No dia seguinte, ao contrário do que prometera, Rufo apenas enviara por correio eletrónico o diploma da universidade Portucalense que apenas confirma a licenciatura, sem ter discriminadas as cadeiras das três faculdades que frequentara, tal como prometera. Mantendo uma eclesiástica suavidade nos modos, o falso advogado justifica-se: “Peço imensa desculpa, sôtora. Afinal, não tenho os documentos. Vou ter de pedir os certificados. Mas, na sexta-feira, sem falta, tem as coisinhas aí”.

Esse dia chegou mas não alterou o rumo das coisas. Rufo empatava o tempo e apenas enviava uma cópia de um pedido feito à Portucalense, a universidade por ele burlada, do seu diploma completo prontificando-se a mandar os documentos mal os tivesse na sua posse. 

As fontes contactadas pelo Nascer do SOL garantem que Rufo utilizou este esquema com outras disciplinas além da de Direito Administrativo, o que não foi possível confirmar. Nos documentos da Universidade Portucalense, consta que aquele aluno teve equivalência a sete cadeiras – mas onde foram efetuadas é uma incógnita.
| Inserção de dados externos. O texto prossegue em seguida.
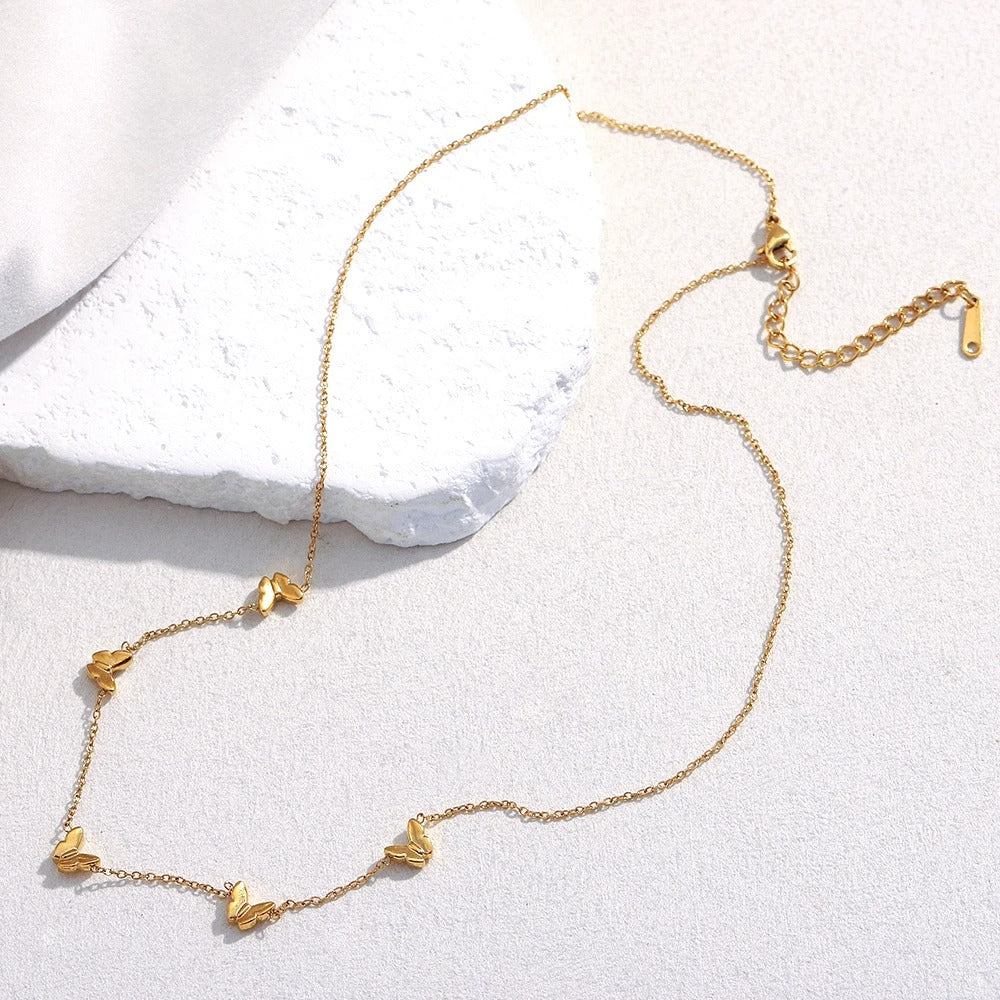 Dainty Thin Butterfly Necklace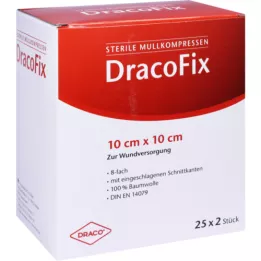 DRACOFIX PEEL Compresses 10x10 cm sterile 8 times, 25x2 pcs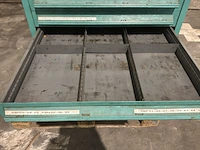 Lista industriële metalen ladekast - afbeelding 16 van  16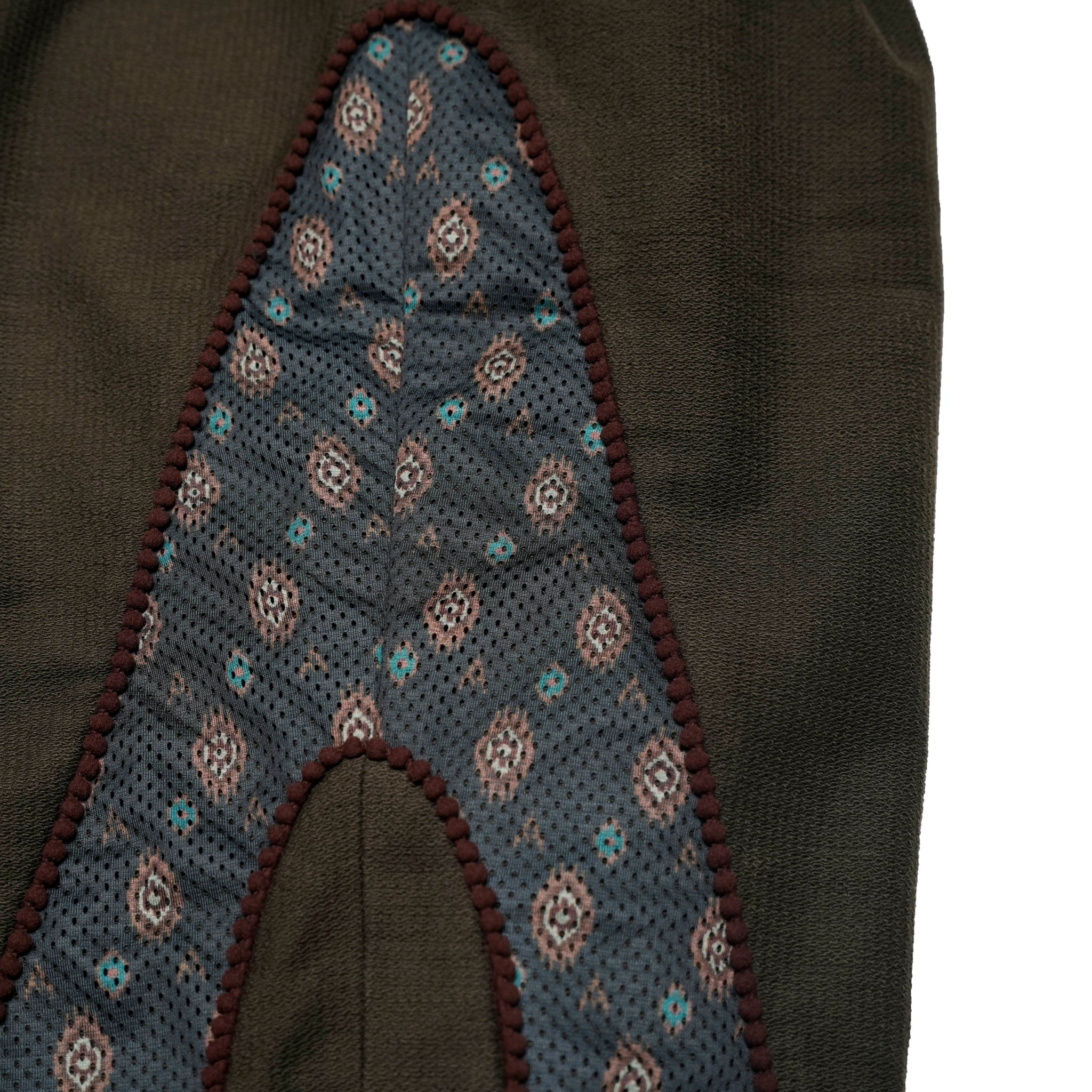 ACR24SS-P03 / (A)crypsis® Totem Weave Patchwork Pants-OLIVE | Size:Free | (A)CRYPSIS® | SEIVSON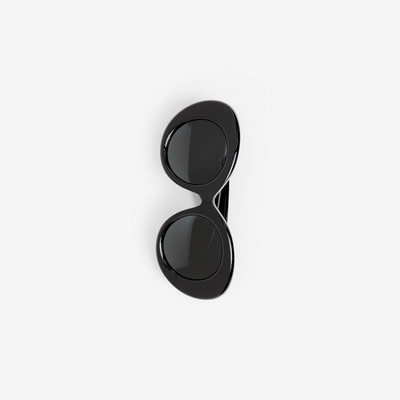 Burberry Monogram Motif Oversized Round Frame Sunglasses outlook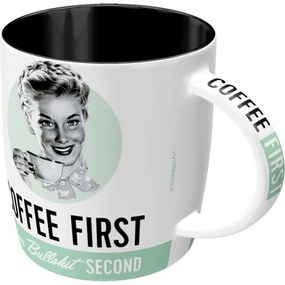 Hrnček Coffee First, Bullshit Second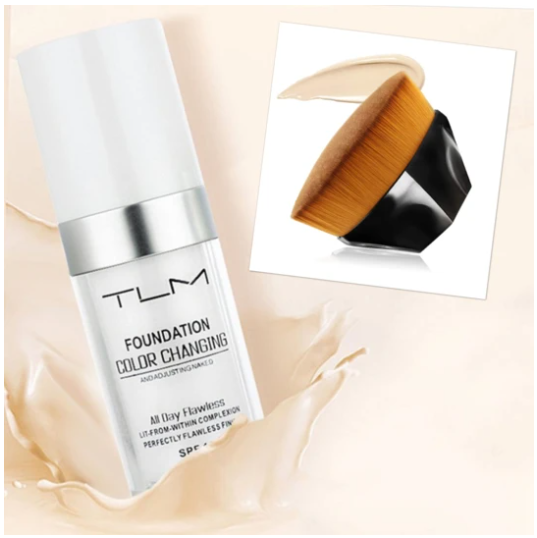 Temperature Liquid Foundation Concealer Portable Natural Color  Makeup Foundation BB Concealer - Mubimart -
Talvez o facto de Rufo ter frequentado a Universidade Livre, que fechou em 1986, dando depois origem à Portucalense, seja uma explicação, uma vez que os arquivos da primeira estão em paradeiro incerto.

Miguel Matias, ex-vice-presidente do Conselho Geral da Ordem dos Advogados da Ordem dos Advogados faz a radiografia da situação do ponto de vista jurídico: “Caso se verifique alguma desconformidade ou falta de correspondência com a verdade, poderemos estar perante a prática de um crime de usurpação de funções e de um crime de falsificação de documentos. Do ponto de vista disciplinar, verificando-se a desconformidade do título para o exercício das funções de advogado, tal poderá constituir motivo para a expulsão nos termos do Estatuto da Ordem dos Advogados.”

Enquanto isso, por Coimbra, entre os lentes, o falso advogado até ganhou o cognome do jurista romano Rufos. Um reputado académico não consegue deixar de ironizar: “Talvez tenha sido esse quem lhe tenha dado a equivalência”.